## WORK INSTRUCTIONS
The records below need to be repeated exactly, with every picture left out.
%%
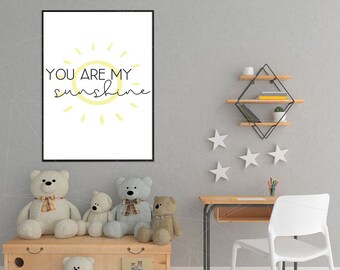 You Are My Sunshine, Minimalist Print , nursery print, couples print, romantic print, kids room decor, baby gift, positive print, quote
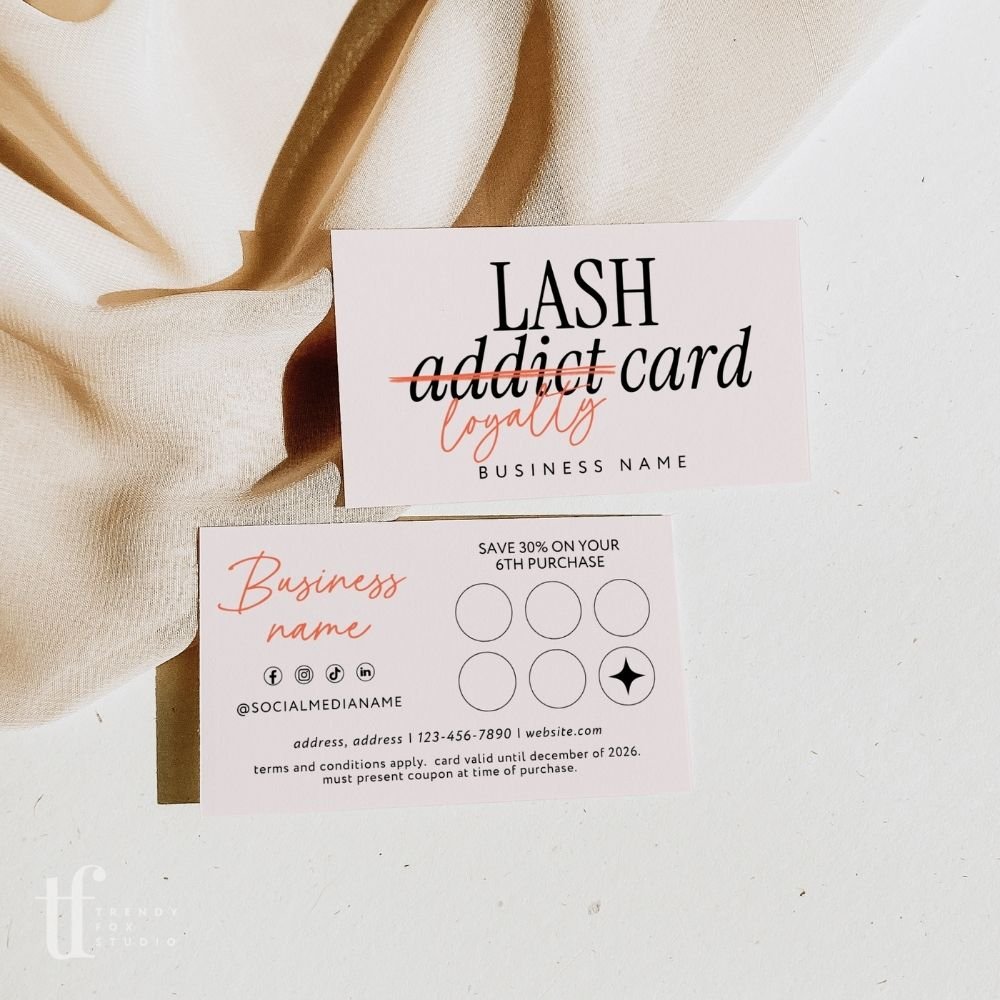 Loyalty Card Canva Template | Rewards Card for Lash Beauty Business | Inez - Trendy Fox Studio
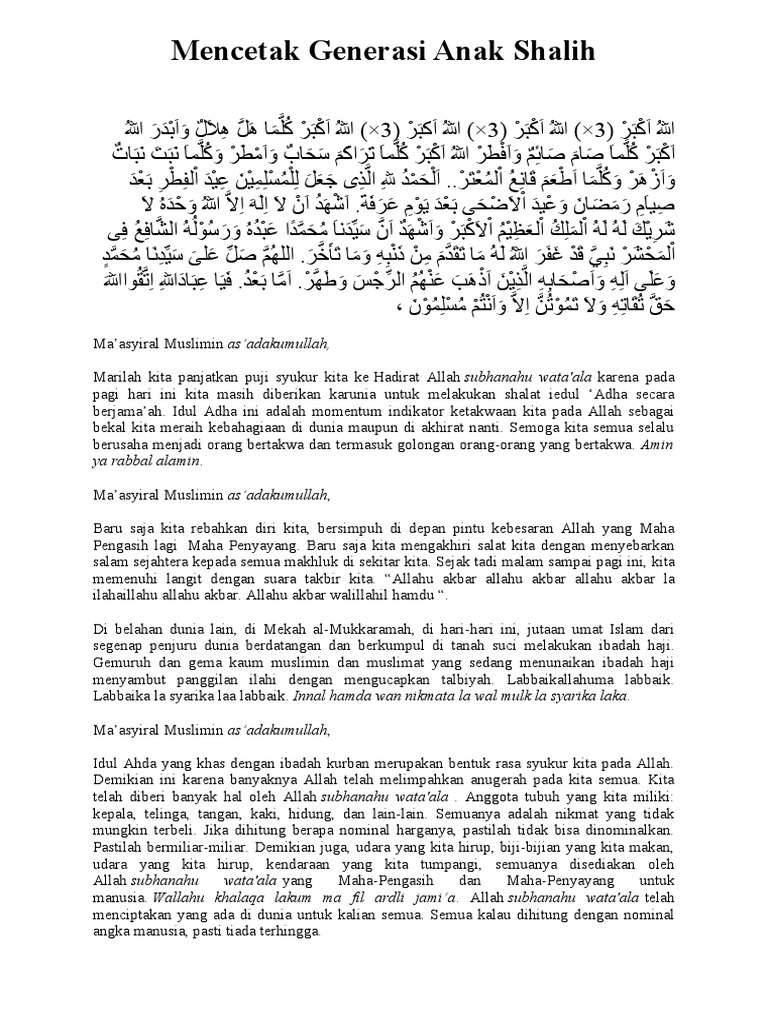 Khutbah Idul Adha PDF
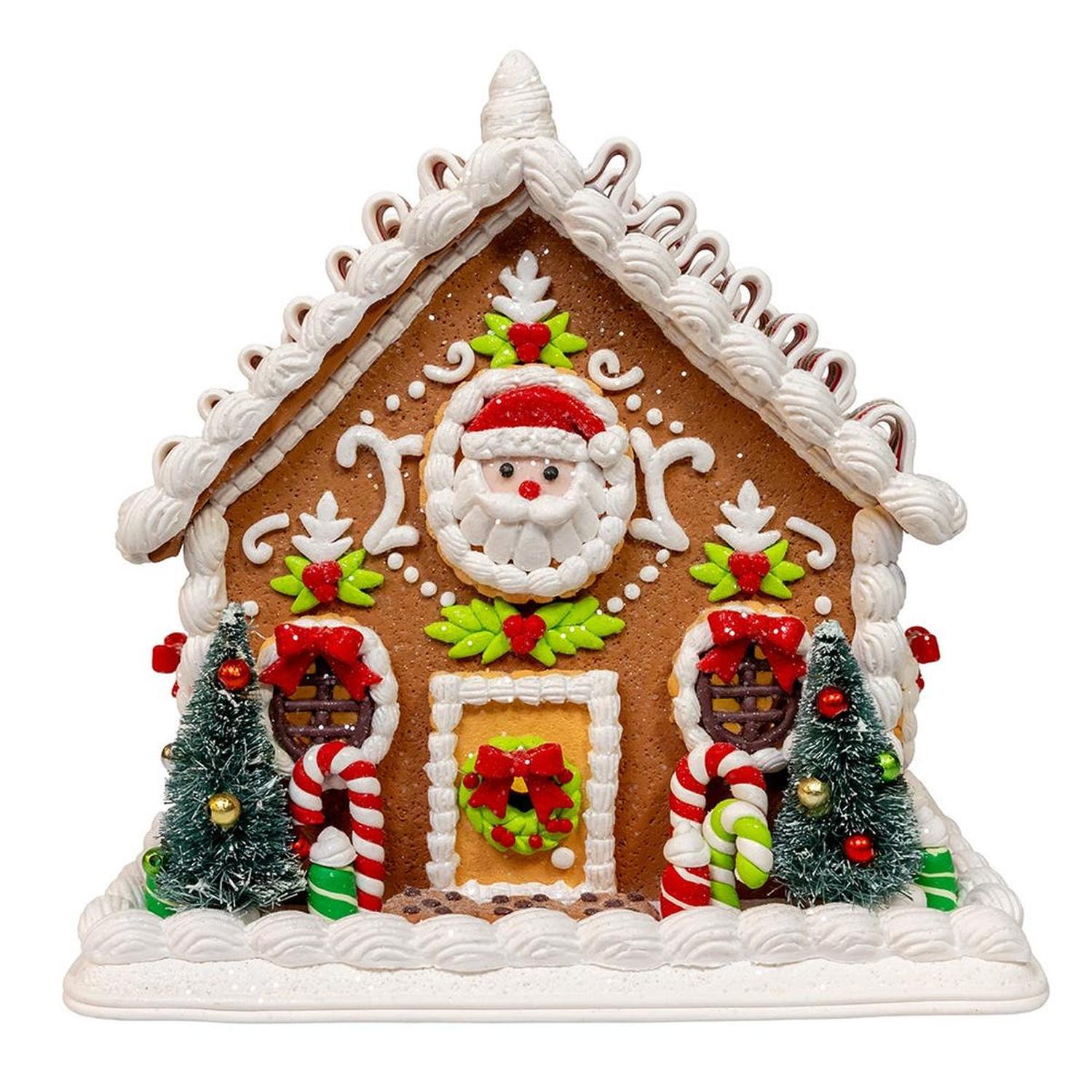 Kurt Adler 9 Inch Gingerbread House With Santa and Ribbon Candy Roof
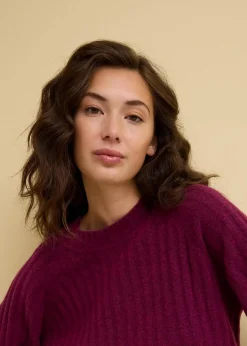 Gerippter Pullover, verkürzt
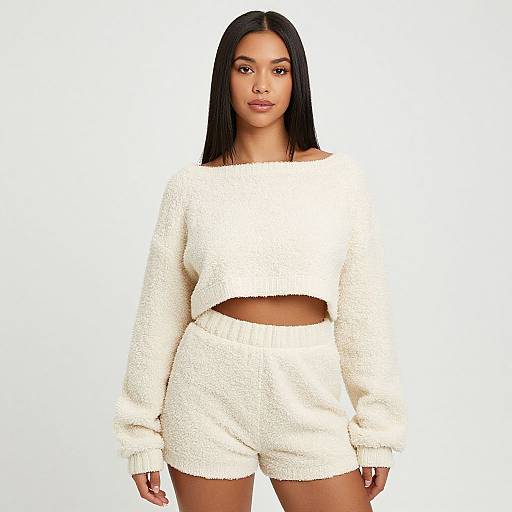 Photograph of a young woman with straight black hair, medium-brown skin, and full lips, wearing a white, textured, off-shoulder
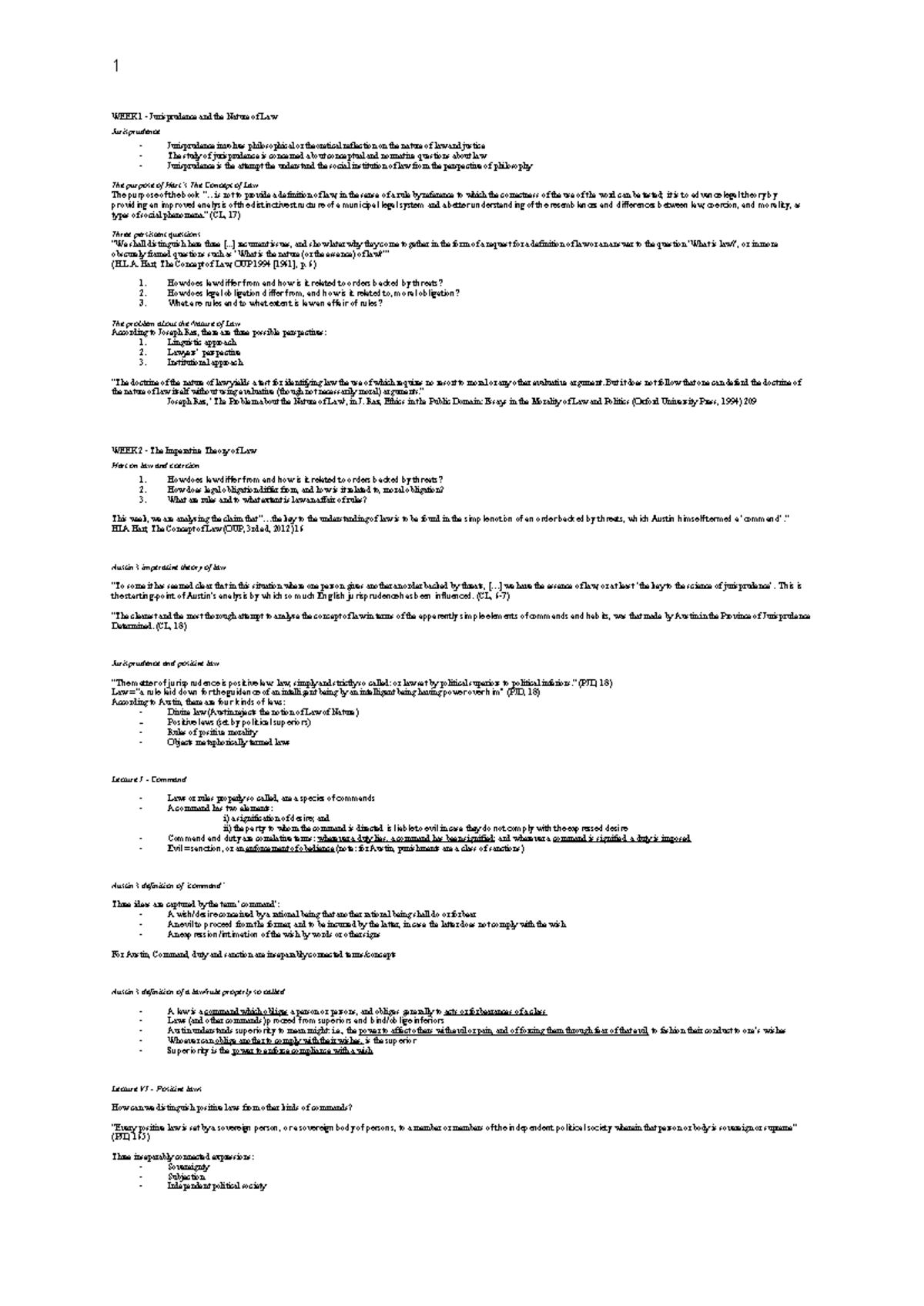LAWS2100 - Week 1: Jurisprudence and the Nature of Law Overview - Studocu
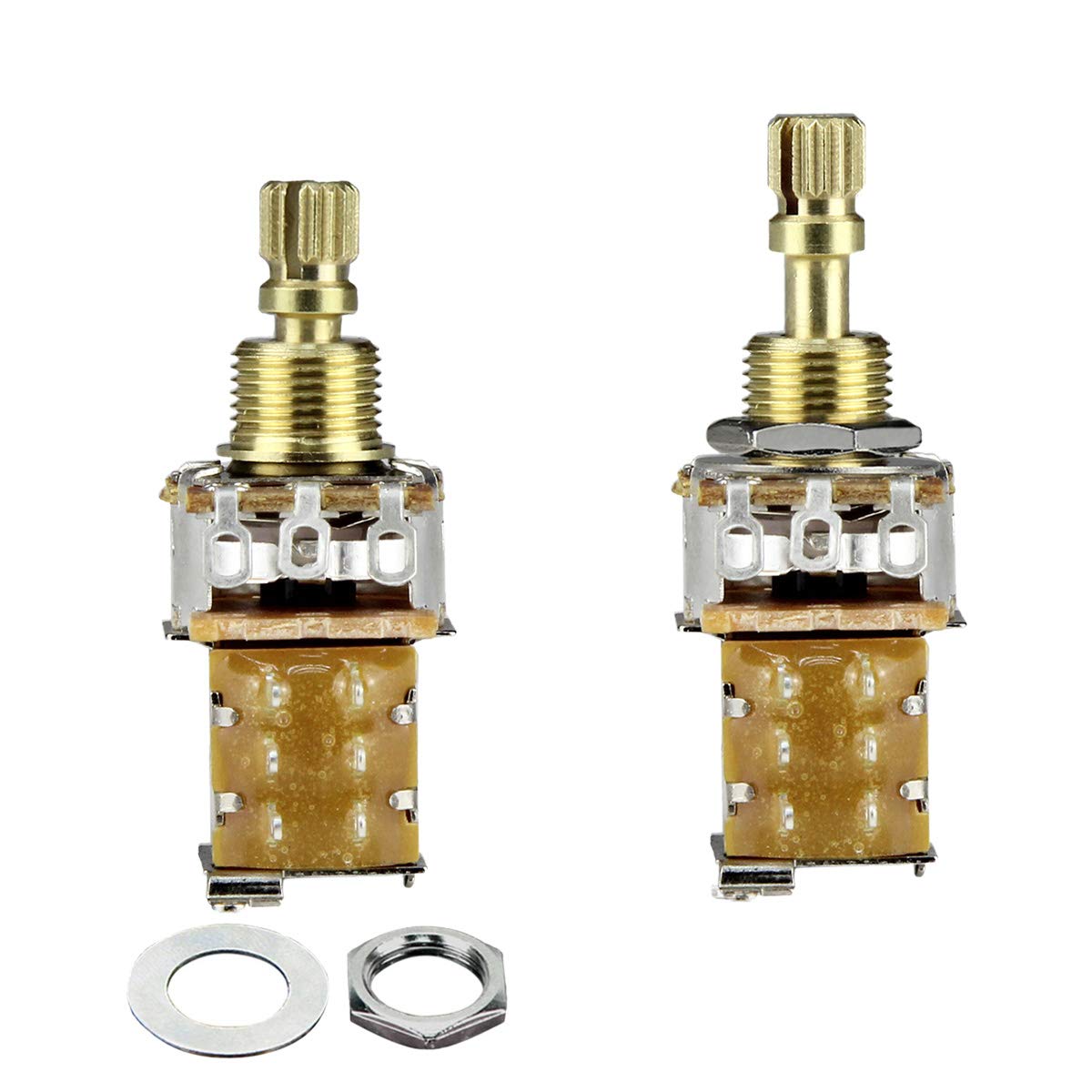 Fleor 2Pcs B500K Push Push Guitar Pots Short Copper Split Shaft Linear Taper Potentiometers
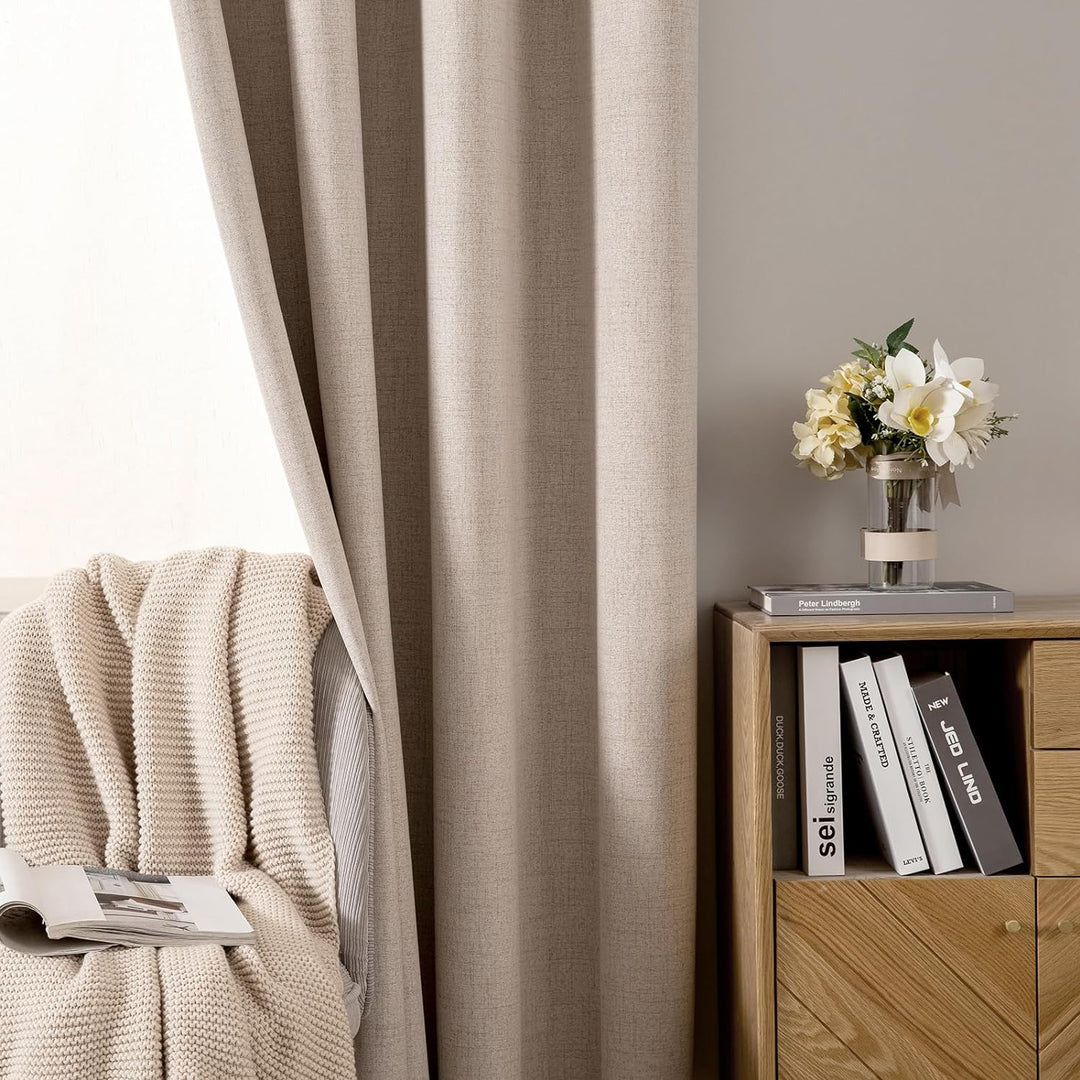 MIULEE Verdunklungsvorhänge mit ösen Gardinen Leinenoptik 2er Set 160 x 140 cm Beige Vorhang Blickdi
%%
## FINAL ANSWER
 You Are My Sunshine, Minimalist Print , nursery print, couples print, romantic print, kids room decor, baby gift, positive print, quote
 Loyalty Card Canva Template | Rewards Card for Lash Beauty Business | Inez - Trendy Fox Studio
 Khutbah Idul Adha PDF
 Kurt Adler 9 Inch Gingerbread House With Santa and Ribbon Candy Roof
 Gerippter Pullover, verkürzt
 Photograph of a young woman with straight black hair, medium-brown skin, and full lips, wearing a white, textured, off-shoulder
LAWS2100 - Week 1: Jurisprudence and the Nature of Law Overview - Studocu
 Fleor 2Pcs B500K Push Push Guitar Pots Short Copper Split Shaft Linear Taper Potentiometers
 MIULEE Verdunklungsvorhänge mit ösen Gardinen Leinenoptik 2er Set 160 x 140 cm Beige Vorhang Blickdi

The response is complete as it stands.